There has been no explanation given for how power or partnership is divided between the two agencies. Do SCDP etc take 50% and Ted and Jim take the other 50? If it were divided up based on the number of people involved or their investments in their respective companies then the overall percentage splits would be far more convoluted and surely allow Don, Roger and Bert to combine votes to prevent any business moves they didn't approve of?
The whole messy merger is adding to the disjointed nature of this season. Sure we have the running suicide \ Dante's Inferno theme going on but the actual functional narrative continues to bother me. For once I didn't enjoy Don's altered perception. This felt like both one time too many and a derivative version of the "guy gets high and see things" trope. To see both a pregnant Meagan pulling him back to their marriage and an armless Private Dinkins (601) felt like the latest example of Mad Men being so on the nose as to undermine their own reputation as a great show.

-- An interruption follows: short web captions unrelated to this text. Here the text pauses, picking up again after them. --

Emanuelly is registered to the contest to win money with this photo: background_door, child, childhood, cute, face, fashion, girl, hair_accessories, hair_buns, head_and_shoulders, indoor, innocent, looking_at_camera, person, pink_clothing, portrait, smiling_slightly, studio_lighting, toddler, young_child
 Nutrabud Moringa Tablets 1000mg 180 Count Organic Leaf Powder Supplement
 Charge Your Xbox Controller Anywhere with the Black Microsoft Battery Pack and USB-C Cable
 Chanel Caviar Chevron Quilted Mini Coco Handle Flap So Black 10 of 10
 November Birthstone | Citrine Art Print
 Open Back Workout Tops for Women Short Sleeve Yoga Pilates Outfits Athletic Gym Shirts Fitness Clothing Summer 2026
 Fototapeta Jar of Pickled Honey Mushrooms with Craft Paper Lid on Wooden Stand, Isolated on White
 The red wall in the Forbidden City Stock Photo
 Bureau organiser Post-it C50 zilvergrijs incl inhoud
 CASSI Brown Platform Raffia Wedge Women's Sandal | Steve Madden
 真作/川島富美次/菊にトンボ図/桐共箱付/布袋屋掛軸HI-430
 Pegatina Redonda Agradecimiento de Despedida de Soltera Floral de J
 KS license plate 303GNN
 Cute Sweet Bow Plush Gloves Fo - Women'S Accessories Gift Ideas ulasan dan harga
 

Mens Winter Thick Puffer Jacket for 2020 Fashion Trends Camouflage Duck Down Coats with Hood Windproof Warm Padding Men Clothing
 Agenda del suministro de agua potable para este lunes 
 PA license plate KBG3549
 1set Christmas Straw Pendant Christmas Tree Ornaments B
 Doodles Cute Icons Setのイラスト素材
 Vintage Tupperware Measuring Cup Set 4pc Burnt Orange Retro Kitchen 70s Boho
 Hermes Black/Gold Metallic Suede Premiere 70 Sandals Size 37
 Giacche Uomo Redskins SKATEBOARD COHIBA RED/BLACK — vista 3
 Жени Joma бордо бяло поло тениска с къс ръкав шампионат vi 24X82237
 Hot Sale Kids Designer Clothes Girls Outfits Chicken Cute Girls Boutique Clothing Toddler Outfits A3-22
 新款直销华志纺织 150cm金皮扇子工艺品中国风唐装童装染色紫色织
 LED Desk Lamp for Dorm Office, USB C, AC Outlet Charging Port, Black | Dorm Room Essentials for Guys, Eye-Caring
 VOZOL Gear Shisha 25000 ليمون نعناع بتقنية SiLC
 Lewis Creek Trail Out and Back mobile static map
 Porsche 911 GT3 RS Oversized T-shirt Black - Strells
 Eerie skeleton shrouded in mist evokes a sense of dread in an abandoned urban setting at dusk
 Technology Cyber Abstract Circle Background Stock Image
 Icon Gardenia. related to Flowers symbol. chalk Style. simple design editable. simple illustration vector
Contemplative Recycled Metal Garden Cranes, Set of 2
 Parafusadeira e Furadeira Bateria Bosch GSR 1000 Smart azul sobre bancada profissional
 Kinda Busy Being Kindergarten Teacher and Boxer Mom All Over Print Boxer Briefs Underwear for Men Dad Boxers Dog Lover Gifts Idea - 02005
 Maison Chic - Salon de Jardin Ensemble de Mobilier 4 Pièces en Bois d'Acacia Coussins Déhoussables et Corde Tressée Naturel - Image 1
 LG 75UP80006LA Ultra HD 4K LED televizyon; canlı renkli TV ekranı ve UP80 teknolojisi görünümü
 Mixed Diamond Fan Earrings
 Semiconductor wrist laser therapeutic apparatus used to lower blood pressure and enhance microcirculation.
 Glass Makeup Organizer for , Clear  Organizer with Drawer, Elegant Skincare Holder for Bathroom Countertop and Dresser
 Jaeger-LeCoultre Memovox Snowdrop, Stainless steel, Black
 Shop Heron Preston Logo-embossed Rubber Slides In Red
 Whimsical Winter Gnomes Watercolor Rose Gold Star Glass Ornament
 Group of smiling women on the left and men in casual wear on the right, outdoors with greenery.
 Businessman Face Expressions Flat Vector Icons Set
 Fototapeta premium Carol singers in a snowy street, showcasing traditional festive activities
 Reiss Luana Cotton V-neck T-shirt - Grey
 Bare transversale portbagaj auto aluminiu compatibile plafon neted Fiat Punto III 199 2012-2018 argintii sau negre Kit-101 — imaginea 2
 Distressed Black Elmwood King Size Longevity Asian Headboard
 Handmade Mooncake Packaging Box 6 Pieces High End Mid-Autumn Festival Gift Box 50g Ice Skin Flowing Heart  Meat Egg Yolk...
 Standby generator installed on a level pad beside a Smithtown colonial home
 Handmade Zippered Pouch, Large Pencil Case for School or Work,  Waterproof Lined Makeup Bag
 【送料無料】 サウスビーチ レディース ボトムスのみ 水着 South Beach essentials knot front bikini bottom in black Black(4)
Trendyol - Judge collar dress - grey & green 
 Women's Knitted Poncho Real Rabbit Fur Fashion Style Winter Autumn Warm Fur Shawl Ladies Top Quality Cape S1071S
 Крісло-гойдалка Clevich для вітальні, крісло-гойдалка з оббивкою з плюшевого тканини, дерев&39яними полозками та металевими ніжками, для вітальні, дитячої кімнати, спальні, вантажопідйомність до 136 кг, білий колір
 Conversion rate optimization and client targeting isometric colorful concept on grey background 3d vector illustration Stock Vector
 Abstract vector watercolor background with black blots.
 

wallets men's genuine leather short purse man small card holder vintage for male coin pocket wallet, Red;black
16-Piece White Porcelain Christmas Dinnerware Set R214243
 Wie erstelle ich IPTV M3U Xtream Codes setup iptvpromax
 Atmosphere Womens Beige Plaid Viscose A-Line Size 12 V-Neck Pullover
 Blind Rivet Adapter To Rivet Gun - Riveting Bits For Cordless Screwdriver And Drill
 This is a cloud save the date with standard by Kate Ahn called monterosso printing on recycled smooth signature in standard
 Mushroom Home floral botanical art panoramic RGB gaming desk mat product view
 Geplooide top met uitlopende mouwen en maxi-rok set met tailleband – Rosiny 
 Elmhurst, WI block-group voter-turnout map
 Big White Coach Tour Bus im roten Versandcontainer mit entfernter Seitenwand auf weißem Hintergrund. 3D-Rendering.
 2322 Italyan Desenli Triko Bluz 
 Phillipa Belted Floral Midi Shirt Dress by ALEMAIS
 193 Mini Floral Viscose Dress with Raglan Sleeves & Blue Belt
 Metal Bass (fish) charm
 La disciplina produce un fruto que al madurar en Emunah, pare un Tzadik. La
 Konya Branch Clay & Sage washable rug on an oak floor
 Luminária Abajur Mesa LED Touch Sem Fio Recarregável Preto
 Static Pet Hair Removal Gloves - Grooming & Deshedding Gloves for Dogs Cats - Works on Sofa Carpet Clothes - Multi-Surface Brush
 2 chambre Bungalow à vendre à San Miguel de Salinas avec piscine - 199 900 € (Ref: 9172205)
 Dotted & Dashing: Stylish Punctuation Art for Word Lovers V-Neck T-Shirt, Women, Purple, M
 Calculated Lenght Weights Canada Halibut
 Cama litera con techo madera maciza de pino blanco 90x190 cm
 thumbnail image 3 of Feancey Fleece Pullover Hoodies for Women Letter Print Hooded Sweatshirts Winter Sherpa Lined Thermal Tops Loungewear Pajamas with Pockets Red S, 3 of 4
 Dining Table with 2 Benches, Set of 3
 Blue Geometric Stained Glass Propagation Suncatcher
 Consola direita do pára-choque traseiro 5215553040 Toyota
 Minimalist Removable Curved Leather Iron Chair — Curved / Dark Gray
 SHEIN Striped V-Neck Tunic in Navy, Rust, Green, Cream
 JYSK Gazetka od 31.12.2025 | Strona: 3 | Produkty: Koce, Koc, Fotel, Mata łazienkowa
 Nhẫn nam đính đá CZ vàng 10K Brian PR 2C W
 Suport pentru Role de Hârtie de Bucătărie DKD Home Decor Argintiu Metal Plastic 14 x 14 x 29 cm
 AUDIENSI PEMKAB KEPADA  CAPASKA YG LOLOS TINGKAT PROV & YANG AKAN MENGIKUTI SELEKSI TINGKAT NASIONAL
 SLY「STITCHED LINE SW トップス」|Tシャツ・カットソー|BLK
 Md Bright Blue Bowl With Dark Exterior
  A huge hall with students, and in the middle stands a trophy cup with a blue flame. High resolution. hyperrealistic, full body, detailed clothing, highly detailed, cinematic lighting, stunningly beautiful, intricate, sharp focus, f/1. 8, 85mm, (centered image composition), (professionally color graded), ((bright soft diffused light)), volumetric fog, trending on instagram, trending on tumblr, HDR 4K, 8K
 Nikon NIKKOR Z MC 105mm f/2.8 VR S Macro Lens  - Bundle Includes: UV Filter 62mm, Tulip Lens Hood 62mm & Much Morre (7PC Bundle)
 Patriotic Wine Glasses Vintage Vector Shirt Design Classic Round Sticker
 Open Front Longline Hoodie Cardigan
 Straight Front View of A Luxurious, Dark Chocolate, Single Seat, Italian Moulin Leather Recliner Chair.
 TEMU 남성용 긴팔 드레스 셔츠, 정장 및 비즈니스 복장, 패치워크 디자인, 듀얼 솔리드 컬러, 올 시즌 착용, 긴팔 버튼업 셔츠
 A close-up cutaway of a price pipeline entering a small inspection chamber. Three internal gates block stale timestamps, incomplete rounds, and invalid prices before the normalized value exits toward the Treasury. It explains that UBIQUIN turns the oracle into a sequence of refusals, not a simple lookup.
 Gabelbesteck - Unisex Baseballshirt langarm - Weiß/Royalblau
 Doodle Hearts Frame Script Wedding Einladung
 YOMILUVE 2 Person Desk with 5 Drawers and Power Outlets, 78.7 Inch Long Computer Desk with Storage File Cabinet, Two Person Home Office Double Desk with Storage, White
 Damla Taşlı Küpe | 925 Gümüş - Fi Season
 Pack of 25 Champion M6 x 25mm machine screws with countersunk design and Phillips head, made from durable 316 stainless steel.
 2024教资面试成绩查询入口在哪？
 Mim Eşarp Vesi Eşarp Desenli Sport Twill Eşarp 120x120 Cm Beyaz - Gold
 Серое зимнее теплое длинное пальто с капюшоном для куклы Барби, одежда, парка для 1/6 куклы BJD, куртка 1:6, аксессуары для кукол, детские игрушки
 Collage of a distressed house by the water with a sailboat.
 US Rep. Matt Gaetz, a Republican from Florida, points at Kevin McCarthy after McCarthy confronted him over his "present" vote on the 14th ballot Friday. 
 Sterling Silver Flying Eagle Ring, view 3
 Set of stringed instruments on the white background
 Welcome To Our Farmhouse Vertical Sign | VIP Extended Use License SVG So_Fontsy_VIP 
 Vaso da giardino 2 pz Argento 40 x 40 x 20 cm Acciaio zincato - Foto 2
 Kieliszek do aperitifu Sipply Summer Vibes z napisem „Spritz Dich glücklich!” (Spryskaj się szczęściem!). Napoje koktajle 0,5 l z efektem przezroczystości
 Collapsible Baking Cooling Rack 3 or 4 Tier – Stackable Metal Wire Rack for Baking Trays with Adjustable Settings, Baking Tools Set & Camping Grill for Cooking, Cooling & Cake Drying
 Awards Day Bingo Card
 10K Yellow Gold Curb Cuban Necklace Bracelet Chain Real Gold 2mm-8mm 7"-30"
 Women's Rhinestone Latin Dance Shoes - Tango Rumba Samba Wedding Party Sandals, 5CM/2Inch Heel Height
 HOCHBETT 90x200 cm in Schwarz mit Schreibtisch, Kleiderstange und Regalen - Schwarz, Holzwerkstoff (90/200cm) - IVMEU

I don't have a handle on Ginsberg's character at all. He seems to rage and cool for no apparent reason and deserved to be fired for his utterly stupid rant at Jim. As entertaining as watching Roger trade barbs with Danny was, that too felt like silliness.
On the flip side I did enjoy the Peggy-Joan story a lot. This felt like a case where the lawless environment of the merger allowed Joan the opportunity to prove she has earned her partnership. She seemed to handle the whole business with real poise and bravery. Peggy's attempts to help her were strong too. Her belief in Ted's willingness to be reasonable and cooperate were rewarded in the end and she took a risk to help Joan when she didn't have to. It was a moment of solidarity to cheer for as everyone else fell to feuding.
The Bob Benson mystery continues. Is he gay? Is he an industrial spy? Is he really a nice guy? Will he and Joan be seduced by Cutler and Chaough into some kind of movement against their former employers?